Removing file lines that each match to a different patterns


 
Thread Tools Search this Thread
Top Forums Shell Programming and Scripting Removing file lines that each match to a different patterns
# 1  
Old 04-14-2010
Removing file lines that each match to a different patterns

I have a very large file (10,000,000 lines), that contains a sample id and a property of that sample. I have another file that contains around 1,000,000 lines with sample ids that I want to remove from the original file (create a new file without these lines).
I know how to do this in Perl, but it is too time consuming to run. I am aware of sed and awk as commands that should be able to complete this task in a much faster time. I have tried to implement codes that I thought would work, even after consulting previous posts, none seem to quite cover it. I also find it hard to debug as the server I'm working on is French so I don't understand the error messages of my command.

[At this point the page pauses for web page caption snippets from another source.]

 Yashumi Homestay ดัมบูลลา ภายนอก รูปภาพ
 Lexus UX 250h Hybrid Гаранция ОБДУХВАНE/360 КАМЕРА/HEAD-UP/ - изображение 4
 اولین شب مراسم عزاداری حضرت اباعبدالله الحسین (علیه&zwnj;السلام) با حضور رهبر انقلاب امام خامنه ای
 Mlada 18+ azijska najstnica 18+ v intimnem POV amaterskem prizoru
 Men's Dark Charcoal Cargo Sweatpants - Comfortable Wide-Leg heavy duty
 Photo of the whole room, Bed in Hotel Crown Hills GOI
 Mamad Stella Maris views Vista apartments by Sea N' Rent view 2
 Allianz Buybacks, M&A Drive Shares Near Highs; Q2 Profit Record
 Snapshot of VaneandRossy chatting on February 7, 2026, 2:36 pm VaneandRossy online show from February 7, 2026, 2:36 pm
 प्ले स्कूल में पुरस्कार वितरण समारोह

Please could anyone suggest a quick way of achieving this ?

Here are examples of the files I'm dealing with.

Here is a tab delineated sample id and property.
Code:
HELIUM:1:2:3      ABCDEF
HELIUM:1:2:4      ADEFBC
HELIUM:1:2:5      BDFACE
HELIUM:1:2:6      BEBACG
HELIUM:1:2:7      ABCDEF
HELIUM:1:2:8      ADEFBC
HELIUM:1:2:9      BDFACE
HELIUM:1:3:0      BEBACG

Here is a list of ids (The common prefix is missing) I wish to remove:
Code:
:1:2:3
:1:2:5
:1:2:6
:1:2:9

Many thanks in advance for any help you can provide.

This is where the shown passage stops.